I lived across the street from the Mission Main and Mission Extension housing project in Roxbury, the inner city in Boston, and ran a small church as a seminarian. It was one of the poorest and most dangerous projects in the city. I commuted to Cambridge for classes and went home to the ghetto. The vast disconnect between Harvard, where students went on about the suffering of people they had never met, and the poor filled me with despair. I went back to Colgate to sit again in Coleman's office. The slants of pale, yellow light fell with a comforting familiarity on the shelves of books and the tweed jacket of my old teacher.
There was a long silence.
"Are we created to suffer?" I finally asked.
"Is there any love that isn't?" he answered.
I would leave Harvard, without being ordained, to go off to war as a reporter. I would cover conflicts for 20 years in Central America, the Middle East, Africa and the Balkans. I would see the worst of human evil. I would come back once or twice a year to the United States. And I would almost always find my way to Hamilton to see Coleman Brown.

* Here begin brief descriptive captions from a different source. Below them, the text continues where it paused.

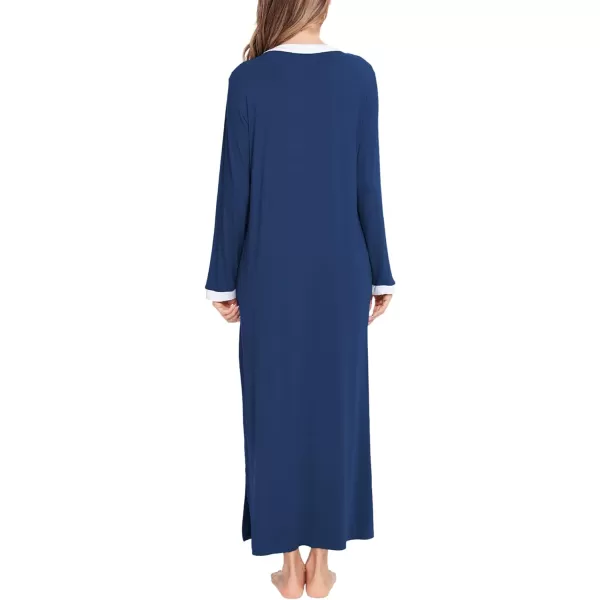 SWOMOG Womens Nightgown Long Sleeve Sleep Shirts Oversized Sleep Dress Long Soft Housecoat With PocketsNavy Blue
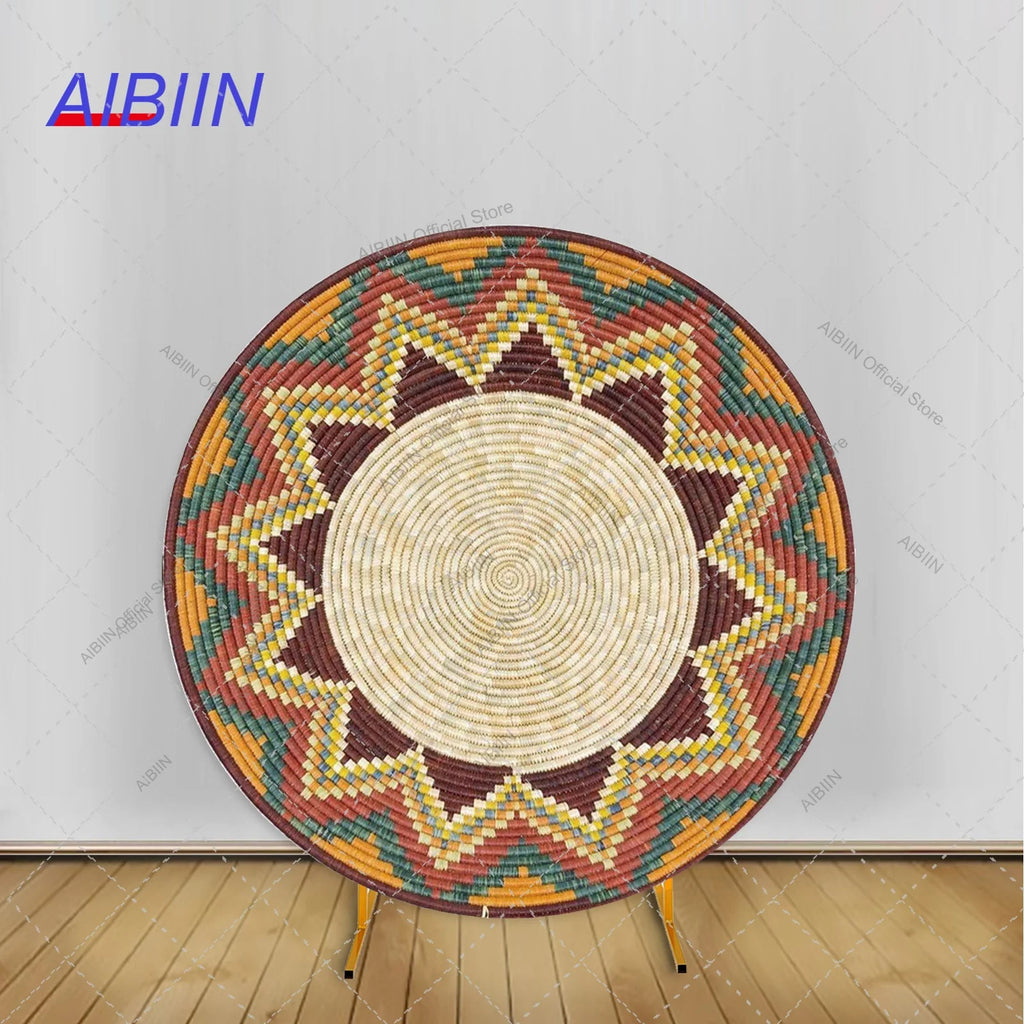 Traditional Ethiopian Basket Pattern Round Backdrop Cover Floral Wedding Birthday Party Decor Portrait Photography Background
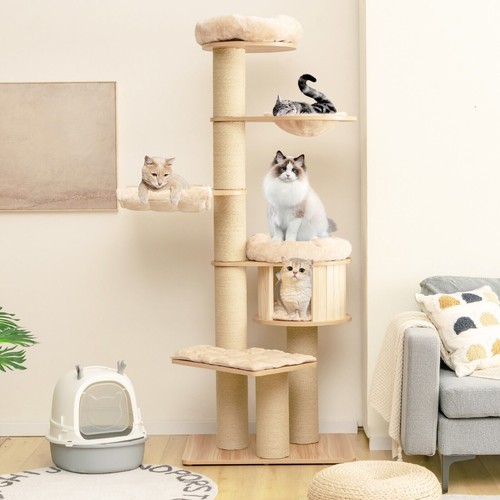 Multi level wooden cat tower - wooden,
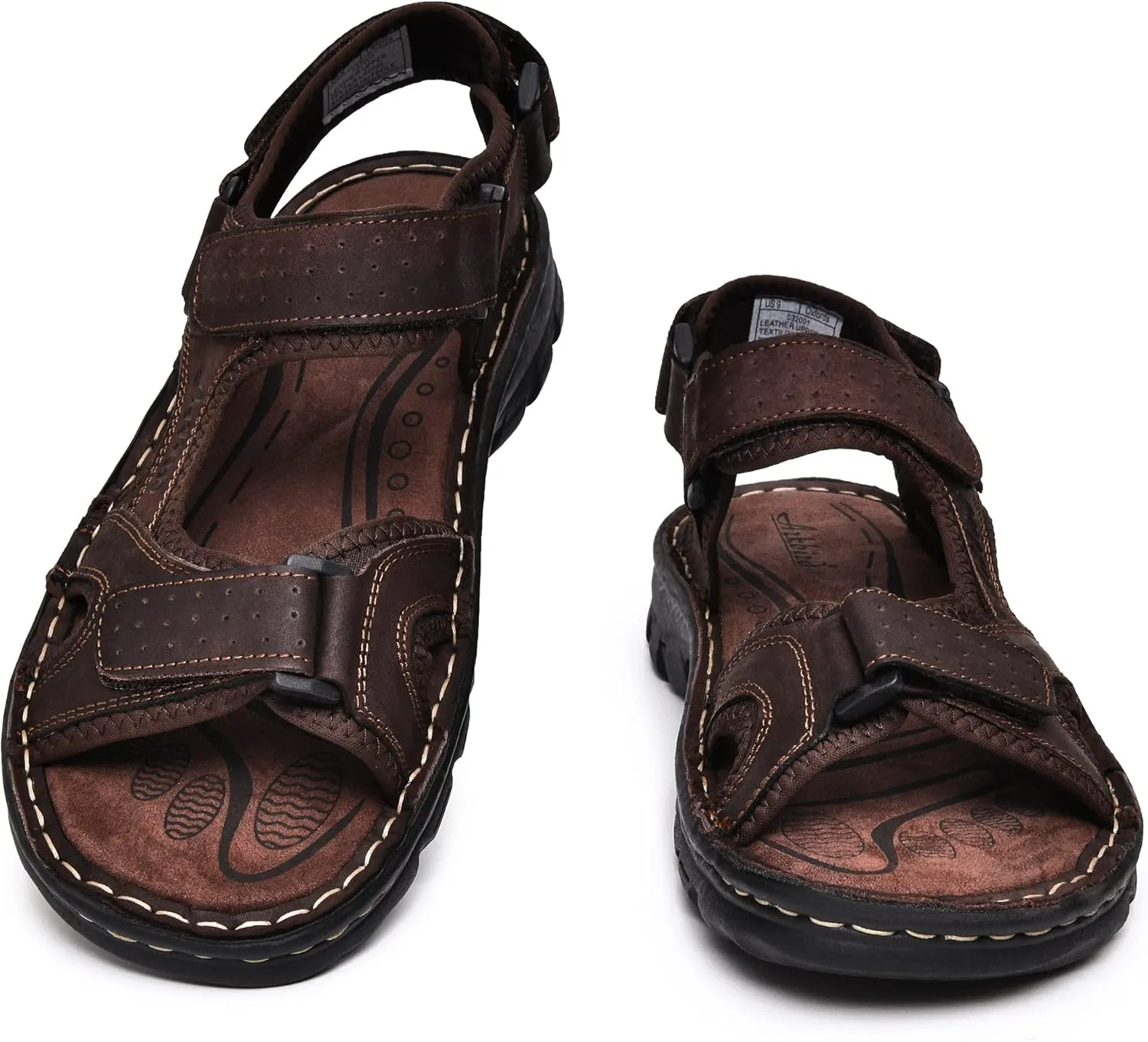 Arkbird Men's Leather Sandals Athletic Fisherman Sandal Outdoor Comfortable and Stylish Casual Summer Slip On Shoes for Men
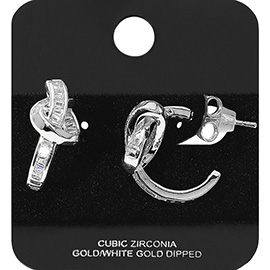 White Gold Dipped Baguette CZ Stone Knot Hoop Earrings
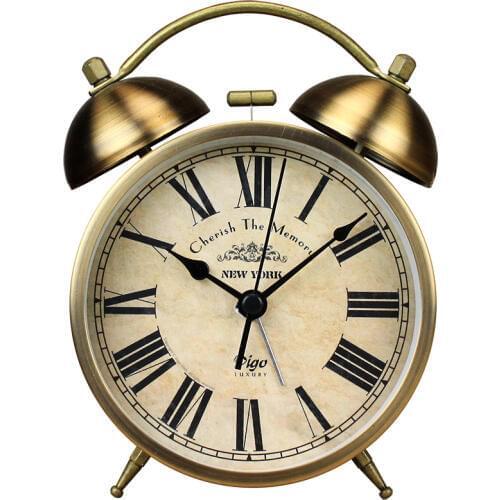 Best Selling Table Quartz Alarm Clock Retro Mute Bedside Office Bar Clocks Desktop Despertador Quartz Clock Movement Mechanism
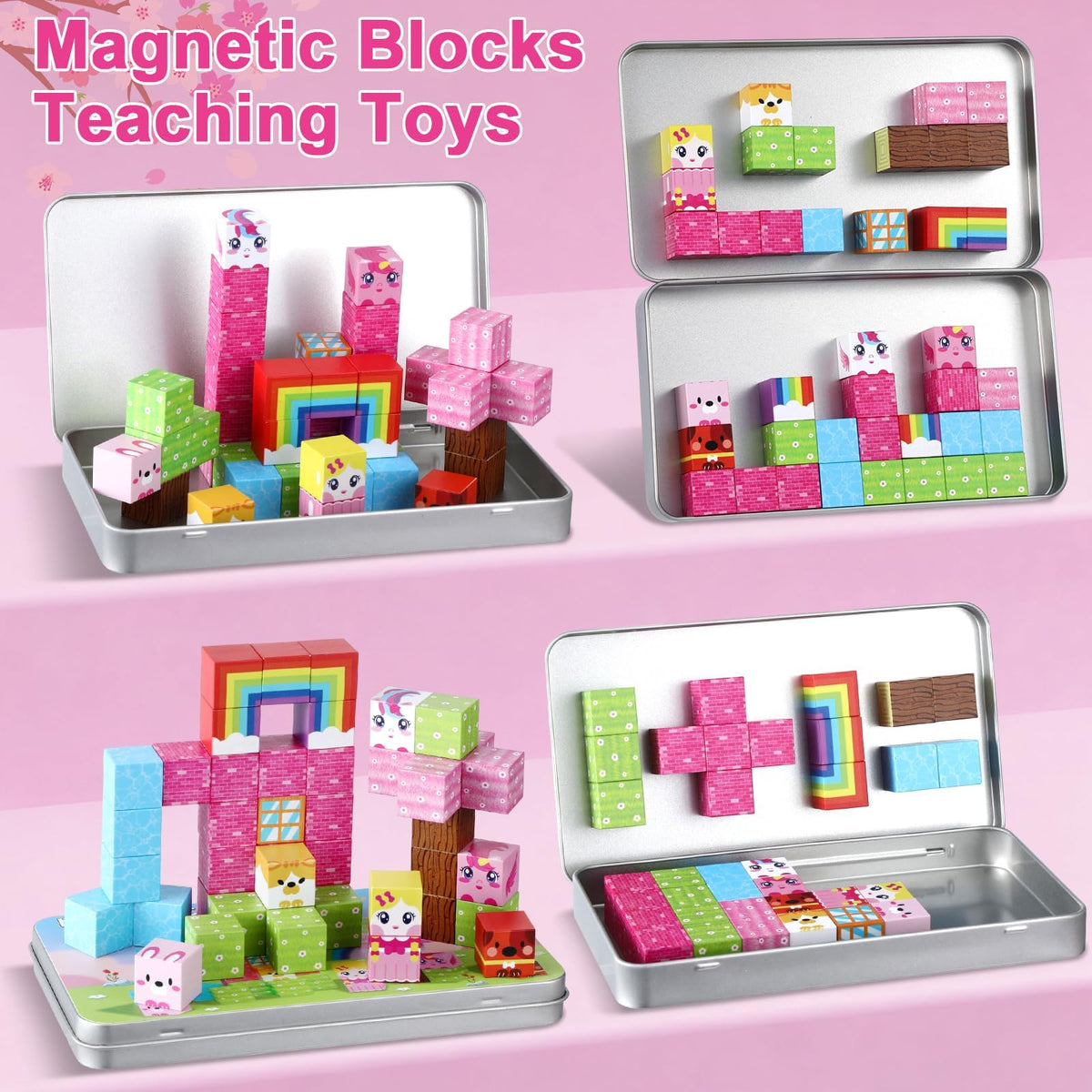 QOUBAI portable iron case keeps blocks organized during trips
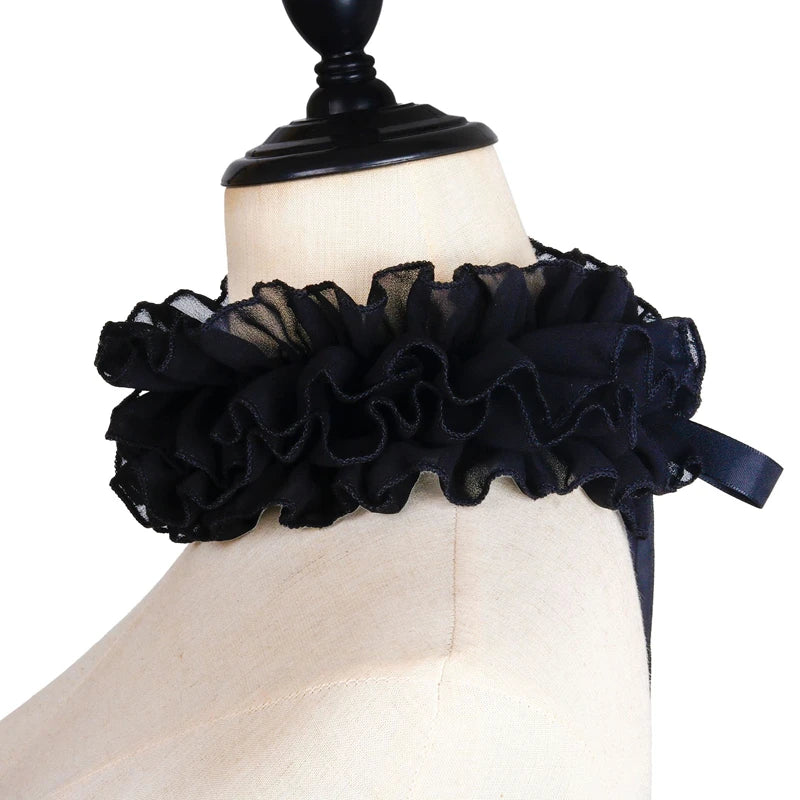 Black decorative pleated ruffle stand collar sweater displayed on a mannequin neck.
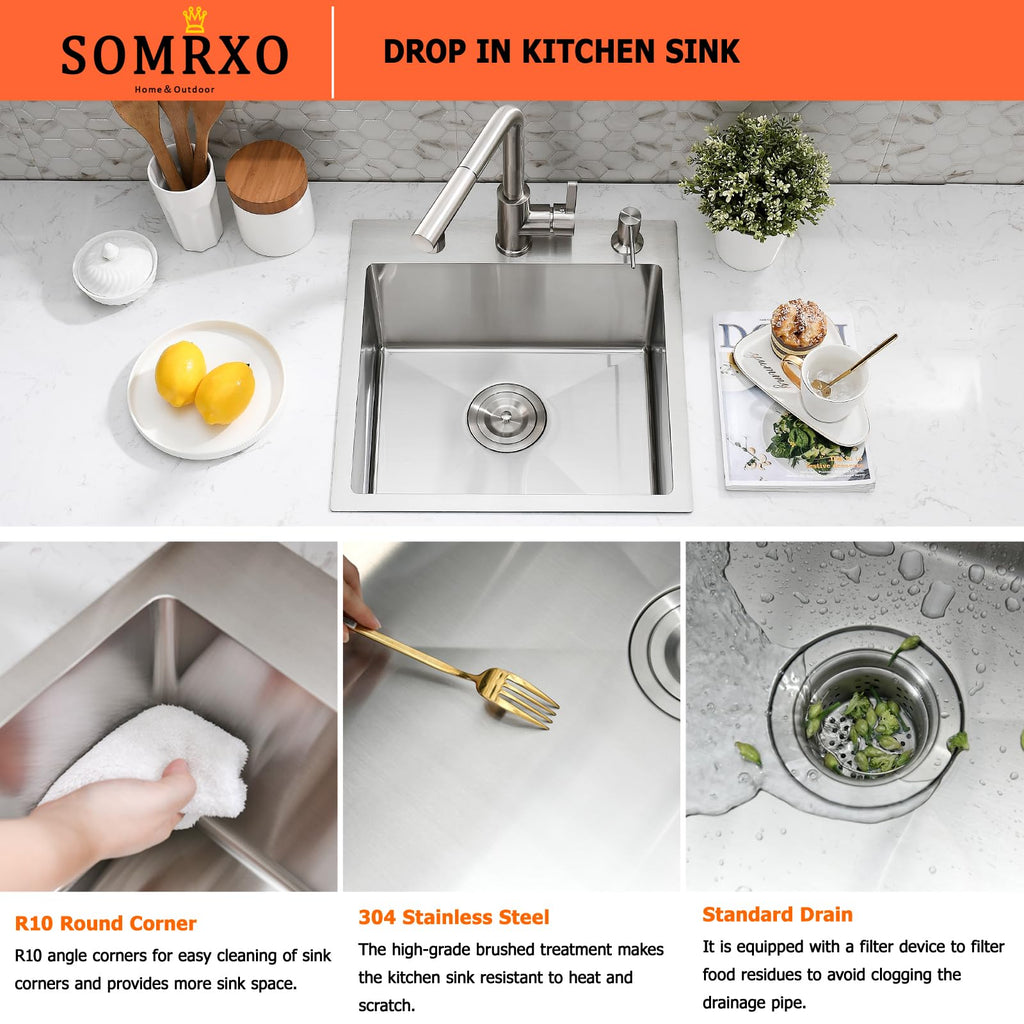 15x15 Drop In Bar Sink with Faucet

I have always thought of myself as a preacher. This is not a vocation one proclaims openly if he or she works for The New York Times, as I did. Preachers, like artists, care more about the truth than they do about news. News and truth are not the same thing. The truth can get you into trouble. During the calls to invade Iraq I denounced the looming war, drawing on my seven years in the Middle East and my former position as the Middle East bureau chief for the Times. My outspokenness led to me being issued a formal reprimand and leaving the paper. It was then I began to write books. I sent my drafts to Coleman. He sent chapters back with notes and comments. In one proposed chapter of the manuscript that would become "American Fascists: The Christian Right and the War on America," he drew large X's across four full pages and wrote at the bottom of the fourth page, "Frankly, you are over your head." In a book I was writing on the New Atheists, he sent back the opening page, which I had spent some time putting together. Every sentence with the exception of the first had been meticulously crossed out with his thick black felt pen. "Keep the first sentence and cut the rest," he wrote. He lifted to his level many passages in my books, especially in "War Is a Force That Gives Us Meaning," which I dedicated to Coleman and my father. My books bear the imprint of his wisdom.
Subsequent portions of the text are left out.